• Task statement:
Please output the entries below from the line that contains "Панама отказала Каськиву" through the final line, reproduced exactly and alone.

[Dataset items]
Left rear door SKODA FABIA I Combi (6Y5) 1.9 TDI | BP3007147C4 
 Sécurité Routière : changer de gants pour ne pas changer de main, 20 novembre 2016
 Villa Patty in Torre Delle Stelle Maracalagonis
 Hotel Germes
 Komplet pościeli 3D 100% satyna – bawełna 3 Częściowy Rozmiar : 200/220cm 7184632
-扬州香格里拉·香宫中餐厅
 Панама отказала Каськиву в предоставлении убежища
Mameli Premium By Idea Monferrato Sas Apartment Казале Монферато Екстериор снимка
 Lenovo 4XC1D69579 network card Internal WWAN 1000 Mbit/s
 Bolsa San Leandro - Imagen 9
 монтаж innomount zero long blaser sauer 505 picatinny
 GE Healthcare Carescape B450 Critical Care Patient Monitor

• Exercise solution:
 Панама отказала Каськиву в предоставлении убежища
Mameli Premium By Idea Monferrato Sas Apartment Казале Монферато Екстериор снимка
 Lenovo 4XC1D69579 network card Internal WWAN 1000 Mbit/s
 Bolsa San Leandro - Imagen 9
 монтаж innomount zero long blaser sauer 505 picatinny
 GE Healthcare Carescape B450 Critical Care Patient Monitor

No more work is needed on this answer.